Et plus tard, la main ajouta : "Tout ceci est dur à exprimer en
latin... Mon fils, tu ne pourrais pas comprendre. Nous parlerons en
langue anglaise..." A la question : "Dites-nous qui vous êtes", il
répondit : "Je suis décédé en 1533. J'ai vécu sous le règne d'Henry
VIII."
Après cette séance, Bond et Bartlett se réunirent régulièrement.
Ils obtinrent une grande quantité de renseignements. Il y avait
plusieurs mois et plusieurs sortes d'écritures...
Finalement, en 1908, les fonds nécessaires pour la conduite des
travaux furent réunis. Les fouilles commencèrent en 1909. Et Bond
enchanté mais vaguement inquiet, s'aperçut tout de suite que les moines
avaient dit la vérité. Il voulut d'abord vérifier s'il y avait bien une
grande chapelle à l'extrémité est de l'église, ainsi que les restes de
deux tours à l'extrémité ouest, comme Johannes Bryant l'avait affirmé.
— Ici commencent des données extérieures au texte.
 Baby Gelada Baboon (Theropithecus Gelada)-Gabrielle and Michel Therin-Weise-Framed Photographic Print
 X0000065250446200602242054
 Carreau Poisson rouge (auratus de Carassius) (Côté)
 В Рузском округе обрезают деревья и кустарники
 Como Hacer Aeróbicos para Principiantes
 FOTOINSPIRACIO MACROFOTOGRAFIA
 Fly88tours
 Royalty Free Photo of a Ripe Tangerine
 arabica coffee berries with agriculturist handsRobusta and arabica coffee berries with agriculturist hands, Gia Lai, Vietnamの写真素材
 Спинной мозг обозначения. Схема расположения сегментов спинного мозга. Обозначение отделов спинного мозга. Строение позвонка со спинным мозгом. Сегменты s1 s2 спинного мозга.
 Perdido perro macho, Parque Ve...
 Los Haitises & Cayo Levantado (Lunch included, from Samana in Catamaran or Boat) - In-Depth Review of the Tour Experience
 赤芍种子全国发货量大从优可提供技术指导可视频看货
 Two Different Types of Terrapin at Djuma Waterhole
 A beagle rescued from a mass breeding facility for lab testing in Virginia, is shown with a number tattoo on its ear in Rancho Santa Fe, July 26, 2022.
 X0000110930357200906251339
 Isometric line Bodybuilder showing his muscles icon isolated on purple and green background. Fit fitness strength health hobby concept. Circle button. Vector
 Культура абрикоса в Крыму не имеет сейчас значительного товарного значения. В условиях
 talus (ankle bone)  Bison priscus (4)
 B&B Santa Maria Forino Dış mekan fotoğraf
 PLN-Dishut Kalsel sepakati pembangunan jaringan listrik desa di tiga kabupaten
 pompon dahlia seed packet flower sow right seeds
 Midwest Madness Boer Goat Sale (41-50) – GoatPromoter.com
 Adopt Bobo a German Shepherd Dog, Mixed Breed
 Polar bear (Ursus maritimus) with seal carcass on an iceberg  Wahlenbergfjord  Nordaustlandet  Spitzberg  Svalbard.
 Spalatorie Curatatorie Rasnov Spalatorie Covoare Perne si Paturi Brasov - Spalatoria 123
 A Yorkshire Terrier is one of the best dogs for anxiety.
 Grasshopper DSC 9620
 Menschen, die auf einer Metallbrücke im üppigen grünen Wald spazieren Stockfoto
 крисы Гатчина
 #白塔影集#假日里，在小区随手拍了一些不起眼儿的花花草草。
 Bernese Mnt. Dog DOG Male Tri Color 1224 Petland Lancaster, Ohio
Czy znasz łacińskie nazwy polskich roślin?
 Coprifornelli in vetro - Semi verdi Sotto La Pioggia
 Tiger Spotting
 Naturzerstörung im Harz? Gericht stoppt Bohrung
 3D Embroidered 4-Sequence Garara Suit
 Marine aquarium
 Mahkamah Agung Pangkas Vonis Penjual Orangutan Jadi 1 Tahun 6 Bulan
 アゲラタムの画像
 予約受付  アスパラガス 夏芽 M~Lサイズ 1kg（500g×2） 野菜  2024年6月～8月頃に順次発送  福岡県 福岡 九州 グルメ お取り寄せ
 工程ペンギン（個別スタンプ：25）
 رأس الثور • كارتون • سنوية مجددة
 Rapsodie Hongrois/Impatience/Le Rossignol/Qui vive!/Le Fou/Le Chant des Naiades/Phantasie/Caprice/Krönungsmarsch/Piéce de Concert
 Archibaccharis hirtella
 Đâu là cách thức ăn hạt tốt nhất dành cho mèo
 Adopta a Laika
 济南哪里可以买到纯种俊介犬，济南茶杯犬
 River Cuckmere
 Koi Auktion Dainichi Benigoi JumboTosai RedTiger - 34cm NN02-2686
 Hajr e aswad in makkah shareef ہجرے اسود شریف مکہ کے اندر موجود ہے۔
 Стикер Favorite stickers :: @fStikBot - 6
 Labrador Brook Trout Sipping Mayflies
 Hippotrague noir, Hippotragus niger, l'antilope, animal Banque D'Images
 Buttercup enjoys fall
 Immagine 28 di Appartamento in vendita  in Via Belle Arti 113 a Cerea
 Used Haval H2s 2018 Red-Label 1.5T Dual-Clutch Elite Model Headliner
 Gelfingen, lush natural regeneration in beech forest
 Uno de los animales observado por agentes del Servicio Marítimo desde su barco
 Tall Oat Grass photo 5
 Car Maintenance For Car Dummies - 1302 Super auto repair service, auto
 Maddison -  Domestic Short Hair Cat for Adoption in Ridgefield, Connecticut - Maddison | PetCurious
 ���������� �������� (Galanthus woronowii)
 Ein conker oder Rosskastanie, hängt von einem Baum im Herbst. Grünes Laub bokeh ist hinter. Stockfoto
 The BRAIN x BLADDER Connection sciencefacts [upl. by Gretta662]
En mai 1909, les ouvriers commencèrent à creuser des tranchées à
l'extrémité est de l'église en ruine. Lorsque Caroe, le rival de Bond,
survint et contempla le travail, il s'étonna du manque de logique qui,
apparemment, présidait à l'aménagement des tranchées. Aussi fut-il des
plus stupéfaits lorsque les ouvriers mirent au jour un mur d'enceinte,
long de 10 m, de direction nord-sud. De plus, les fouilles entreprises
de l'autre côté de l'église en ruine révélèrent la présence de deux
tours.
Les supérieurs de Bond se félicitèrent d'avoir engagé un architecte
si capable et à qui la chance semblait sourire. Quant à Bond il se
demanda certainement à plusieurs reprises s'il fallait dévoiler
l'existence de ses interlocuteurs. Le bon sens lui recommanda de rester
prudent : l'Eglise n'avait jamais vu le spiritisme d'un bon il. Les
dogmes chrétiens affirment bien que la vie existe après la mort, mais l'Église n'avait jamais cherché à en savoir plus long à ce sujet ou à
développer une éventuelle communication avec les morts. Comment, dans
ces conditions, Bond pouvait-il expliquer que ses interlocuteurs se
désignaient sous le nom de "Compagnie d'Avalon" ? Sagement, Bond décidé
de se taire. Du moins pour l'instant.
Les découvertes se succédèrent à un rythme accéléré et la
réputation de Bond grandit. Les moines se montraient d'une
extraordinaire exactitude. Ils mentionnèrent, par exemple, une porte
dans le mur est, qui donnait dans une rue. Cela semblait fort peu
probable car, en règle générale, il n'y a pas de porte dans le mur est
des églises. Or, on en trouva bien une !
Ils déclarèrent aussi que la chapelle faisait 28 m de long (en fait
30 m, si l'on ajoute l'épaisseur du mur et d'une colonne). Cela
semblait énorme. Les esprits avaient aussi précisé que l'on trouverait
des restes de vitraux de couleur azur, alors que la plupart des vitraux
de l'époque étaient blanc et or. Pourtant, on retrouva effectivement
des fragments de vitrail bleu dans la chapelle Edgar. Un esprit, qui
semblait être celui de l'abbé Bere, déclara que le toit était or et
pourpre ; les fouilles mirent au jour des moulures qui portaient encore
des traces de peinture or et pourpre.
En 1918, dix ans après le début des fouilles, Bond décida de faire
connaître au public les entretiens secrets qui expliquaient en grande
partie se réussite. Il pensa qu'après tant de succès il n'avait rien à
craindre. Malheureusement, il se trompait...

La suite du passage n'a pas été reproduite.